Robert Daly. Getty Images.

A long, long time ago (whenever fishing became a recreational thing), a father took his young son out on the boat for the first time. The kid hated it. He thought fishing sucked shit. His stupid dad had the audacity to drag him out of bed on a Saturday morning at the ungodly hour of 5am, because "that's when the fish are biting", only for them to sit bored in the middle of a man-made "lake" on a dumb fucking boat for 4 hours without getting so much as a nibble.

But a few weeks later, after much coercing, the father convinced his son to give fishing another chance. Some of his dad's fondest childhood memories were from days spent on the lake fishing with his father. If he isn't able to pass that tradition down to his son, he's literally going to kill himself. Thankfully, this time around, they had better luck. The kid got a bite almost instantly. Dad even managed to talk his son through the process of reeling it in all on his own. The kid was fired up to have caught his first fish. The dad was fired up that his son wasn't gay. It was a beautiful moment.

However, when the kid got a closer look at his fish struggling in the boat, he started to feel bad. The poor little guy was flopping around like mad. Gasping for water with a ol' big hook pierced clean through the side of his face. The dad could see the concern on his son's face. "Maybe I jumped the gun on the not gay celebration", he thought to himself.

That's when the dad remembered the valuable lesson his father taught him back when he was a child. He turned to his fish-empathizing son and assured him, “Don’t worry, son. Fish don’t feel pain like humans do.”

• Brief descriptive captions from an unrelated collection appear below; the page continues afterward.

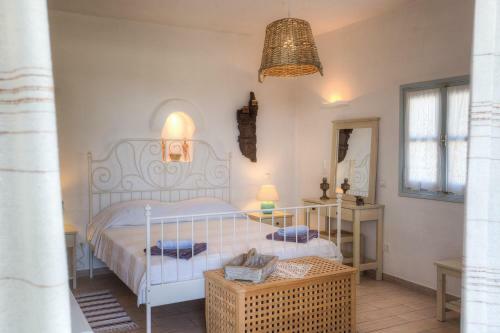Hostal Villa Del Mar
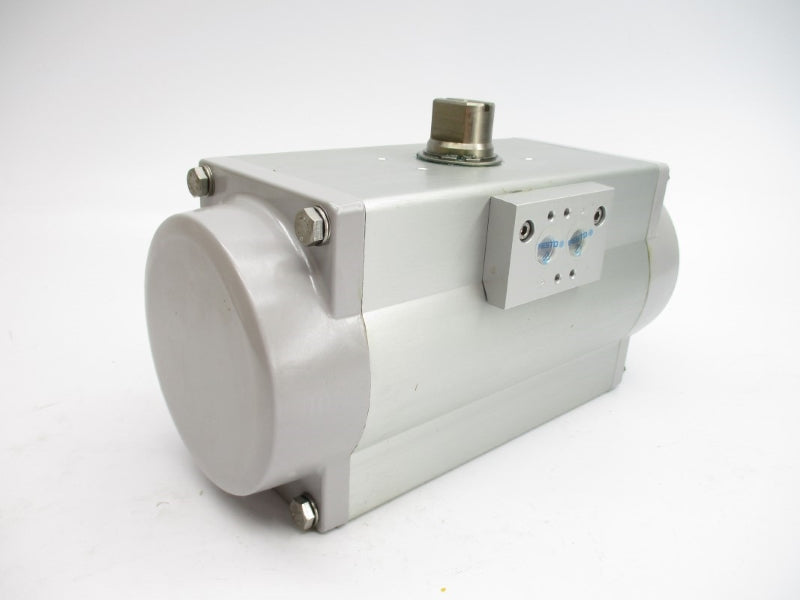 FESTO DFPD-240-RP-90-RS60-F0710 8048138 NSMP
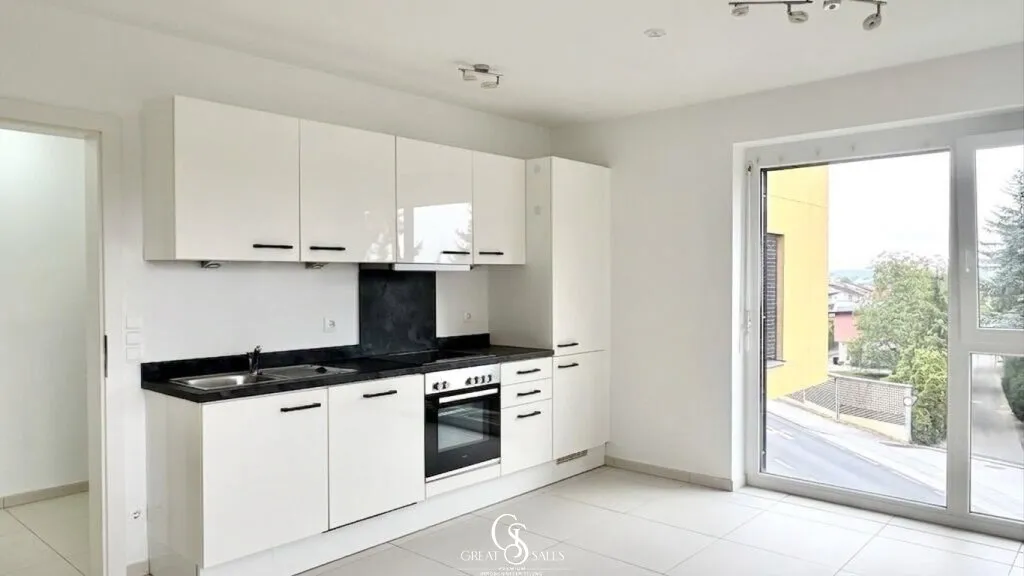 Wohnung – Seiersberg - Ansicht 2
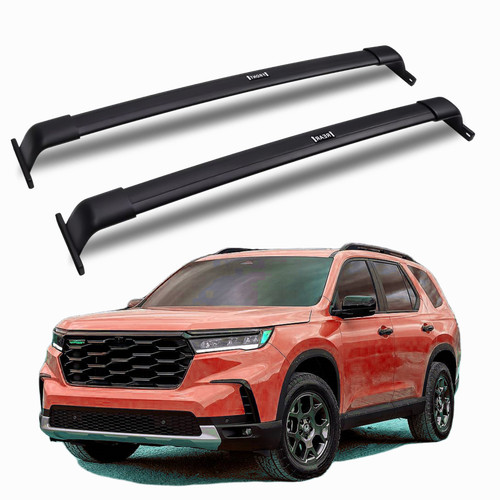 Roof rack cross bar cargo - rack,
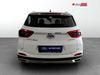 Chery TIGGO 4 PRO 1.5 LIT AUTO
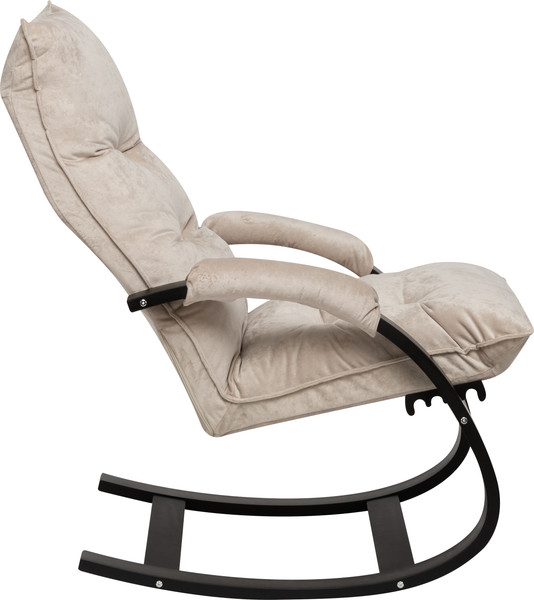 Кресло-качалка Импэкс Leset Теона
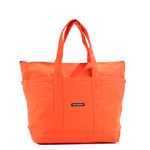marimekko�i�}�����b�R�j �g�[�g�o�b�O 40864 203 ORANGE
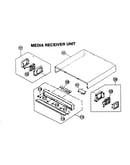 Receiver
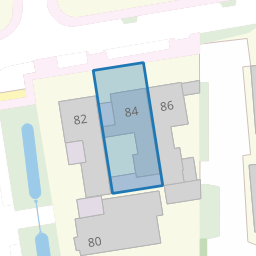 Perceel LEU00-C-1824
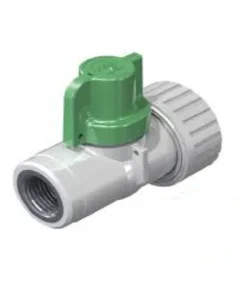 REGISTRO INCORP MACHO PCP ANTIFRAUDE 16mm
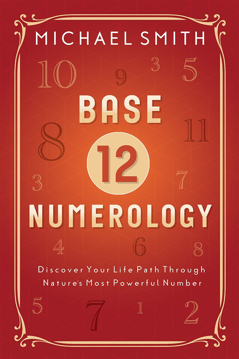 Bild på Base-12 Numerology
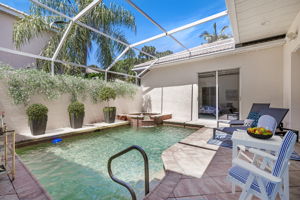 pool (2)-virtual stage_final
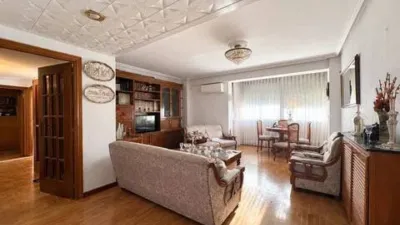 Flat in Los Ángeles photo 3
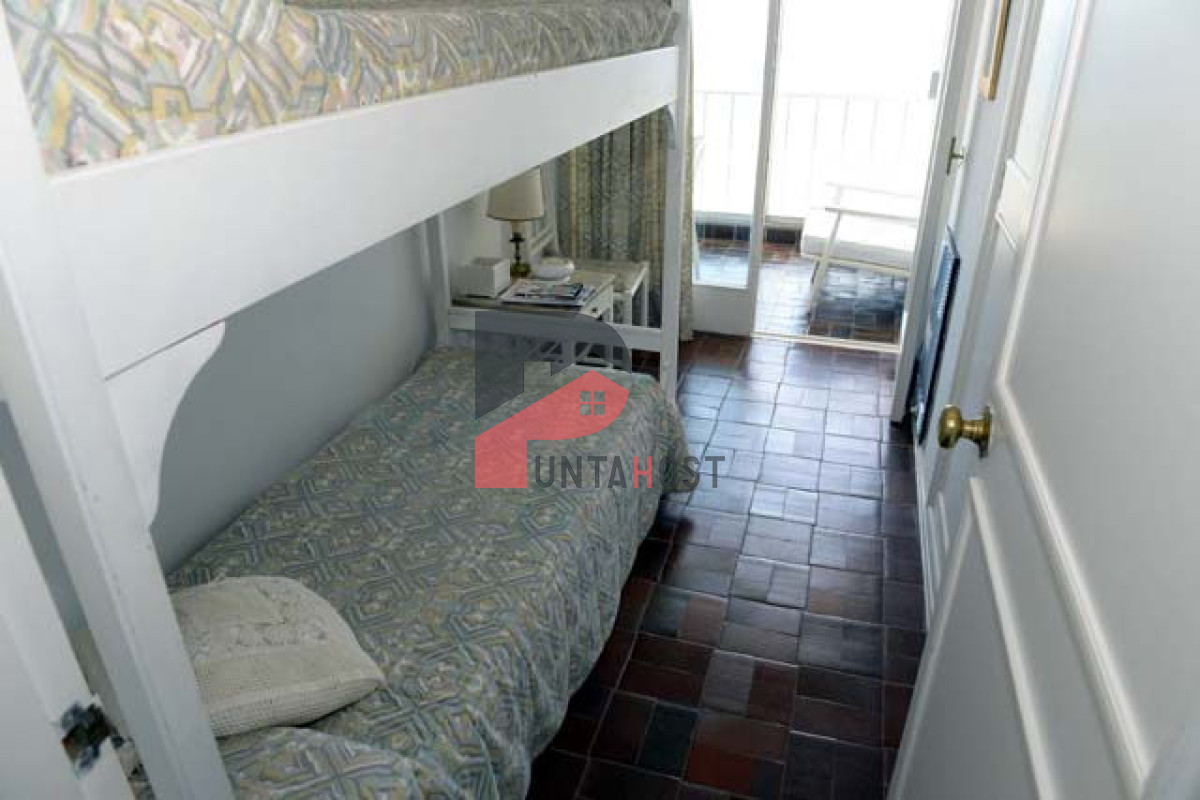 Apartamento ID.42 - Apartamento en Peninsula, 4 dormitorios  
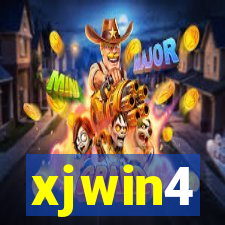 xjwin4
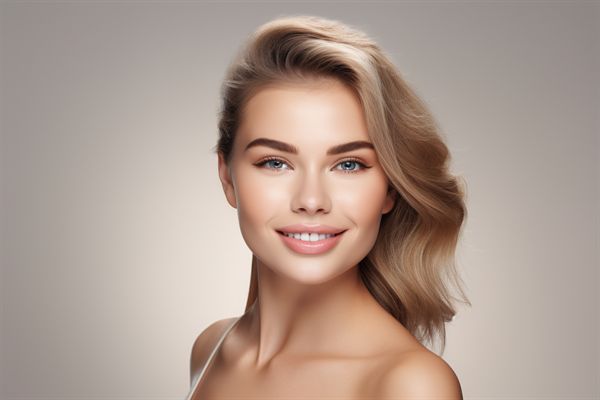 南京韓辰美容醫(yī)院宋建星醫(yī)生吸脂術(shù)效果詳解，打造完美身材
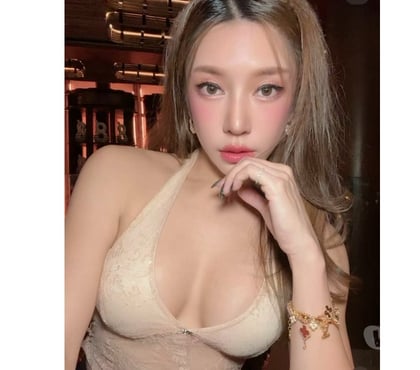 Escorts Clifton Bristol - Photos for 🔥Independent🔥ASIAN ESCORT🌸 bs3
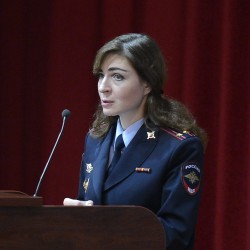DSC_3213.jpg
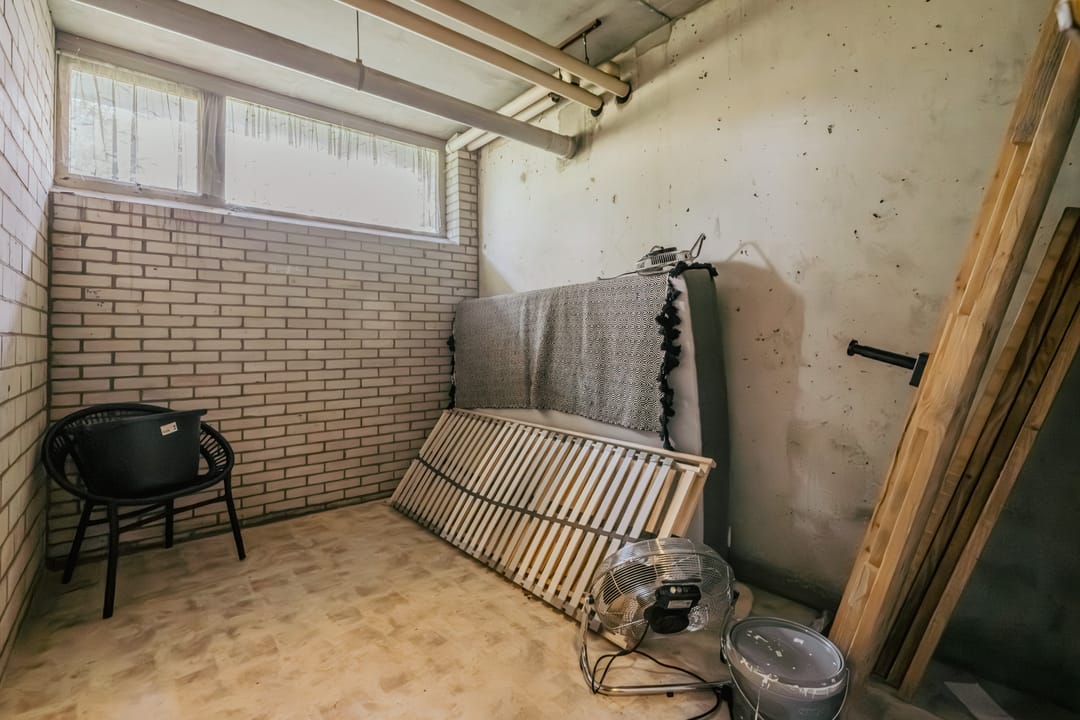 Photo 32 of Martin Luther Kinglaan 298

Then he ripped the barbed hook back through the fish’s cheek, threw it back into the lake, and explained to his son how they're better people than those who eat the fish, because by releasing them back into the lake, they're can be caught and enjoyed by other fisherman in the future.

“See you tomorrow friend.”

The rest is history. Never again did the boy feel guilt for catching a fish. And that sentiment was passed down from father to son, fisherman to fisherman, for the rest of time. 

As late as 2013, men of science were still publishing scholarly articles based on their own personal research, assuring us that fish do not feel pain “the way humans do”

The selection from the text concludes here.